**What you need to do**
From the entries below, reproduce exactly the lines from the one with "Tedibar Baby Bathing" through the one with "59B TWD PETITE", both included, without images.
BEGIN Data in this exercise
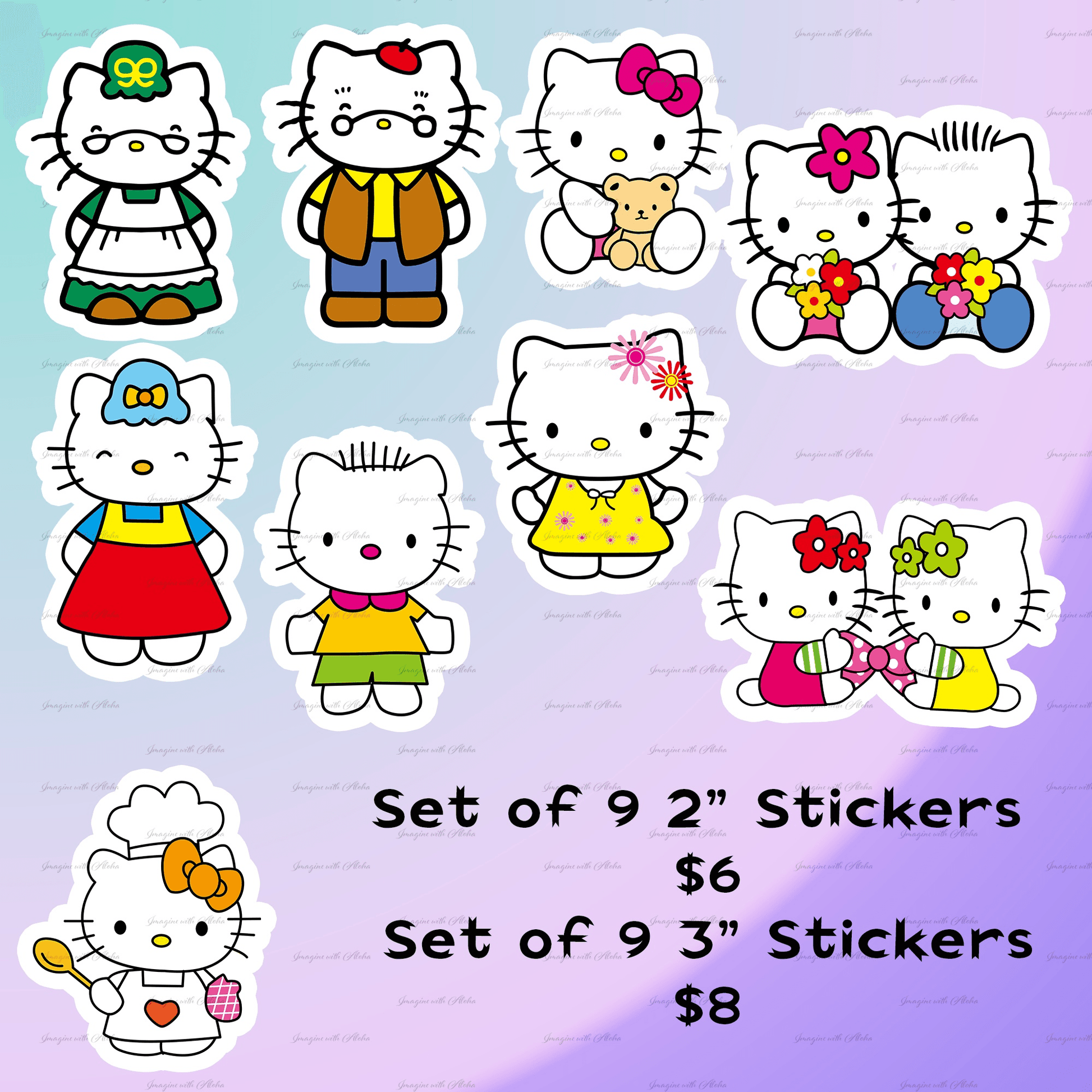 Hello Kitty and Daniel sticker set featuring various characters, available in 9 pieces per set, 2" and 3" sizes.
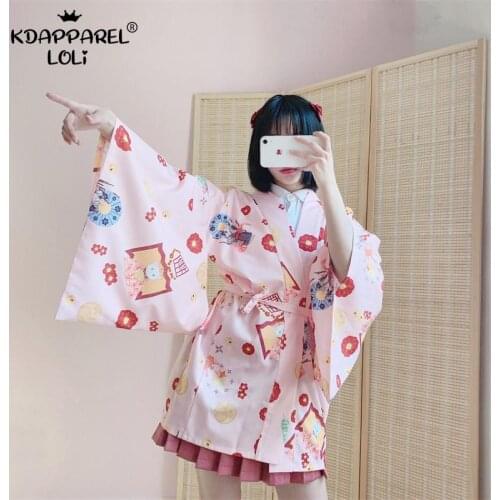 Japanese Kimono Traditional Yukata Cardigan Kawaii Woman Cartoon Printed Anime Haori Harajuku Sunscreen Beach Wear Coat Shirt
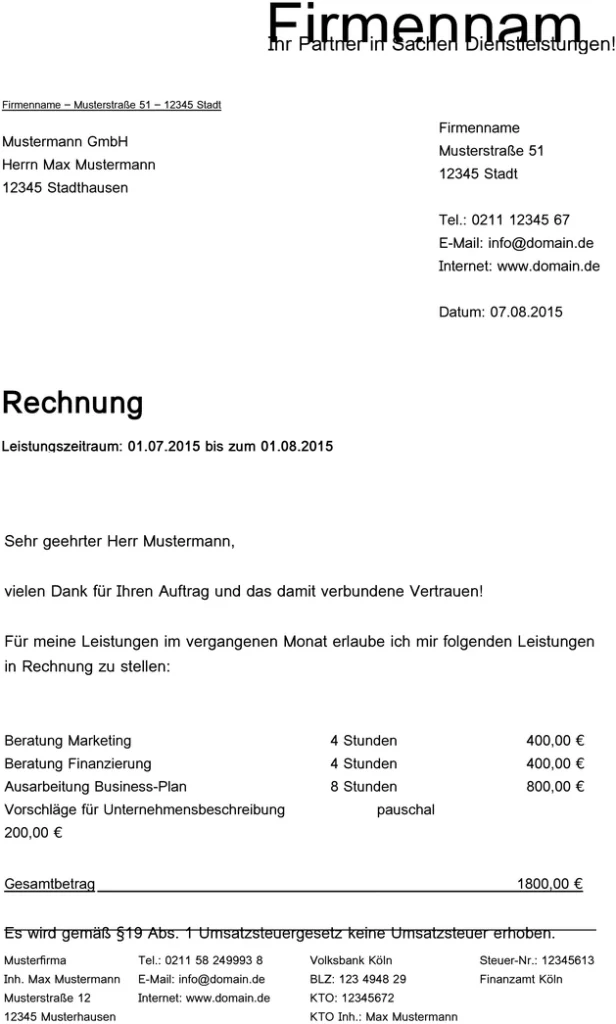 rechnungsvorlage-kleinunternehmer-regelung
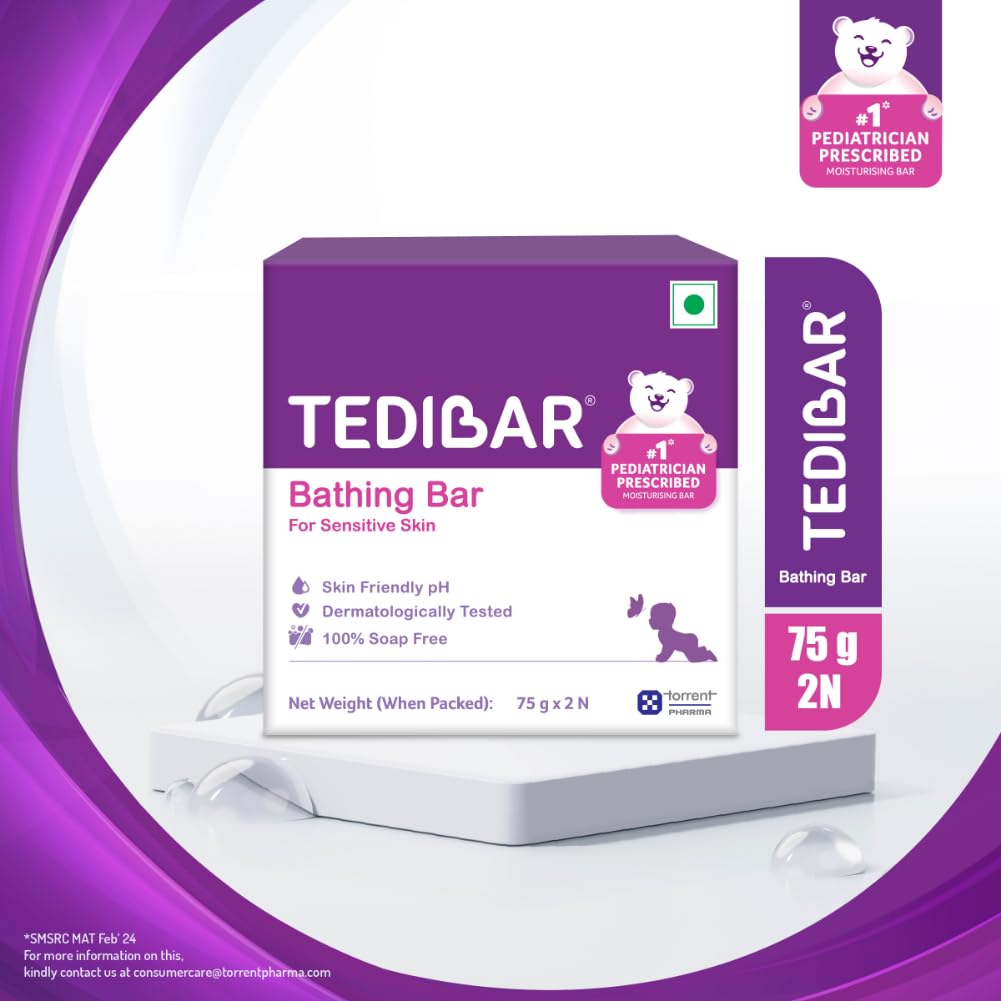 Tedibar Baby Bathing Bar for Sensitive Skin | Soap Free - 75gm - Pack of 2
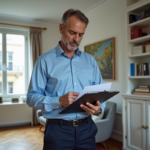 Homme d'âge moyen vérifiant des documents dans un appartement parisien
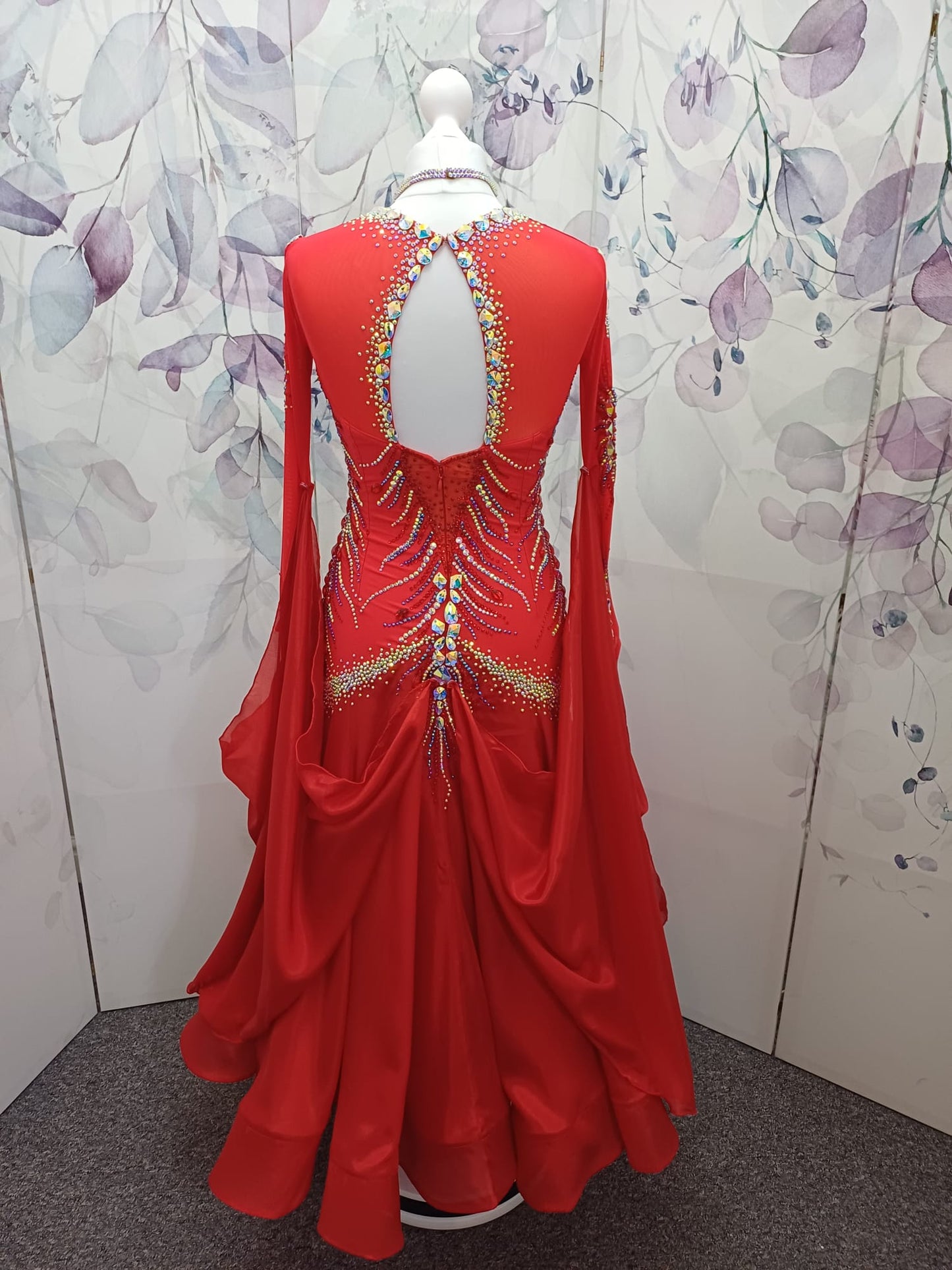 59B TWD PETITE Beautiful Red Competition Ballroom/Sequence Dance Dress. Stoning in AB, Light Siam & Jet. ❤️Showroom Appointments Available❤️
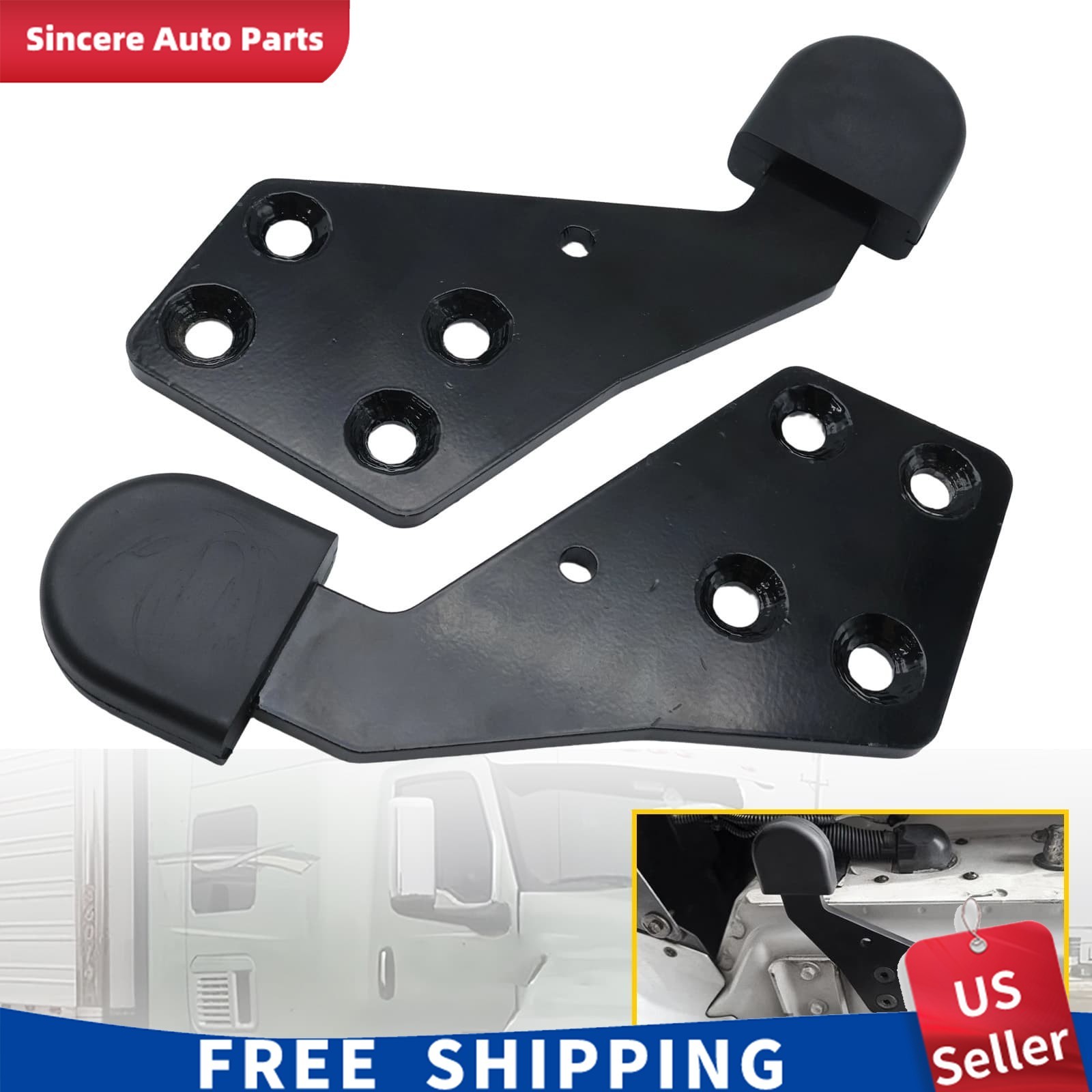 2Pcs For Select International Truck Hood Guide Poly Left+Right HLK2733L HLK2733R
END Data in this exercise
**Answer section**
 Tedibar Baby Bathing Bar for Sensitive Skin | Soap Free - 75gm - Pack of 2
 Homme d'âge moyen vérifiant des documents dans un appartement parisien
 59B TWD PETITE Beautiful Red Competition Ballroom/Sequence Dance Dress. Stoning in AB, Light Siam & Jet. ❤️Showroom Appointments Available❤️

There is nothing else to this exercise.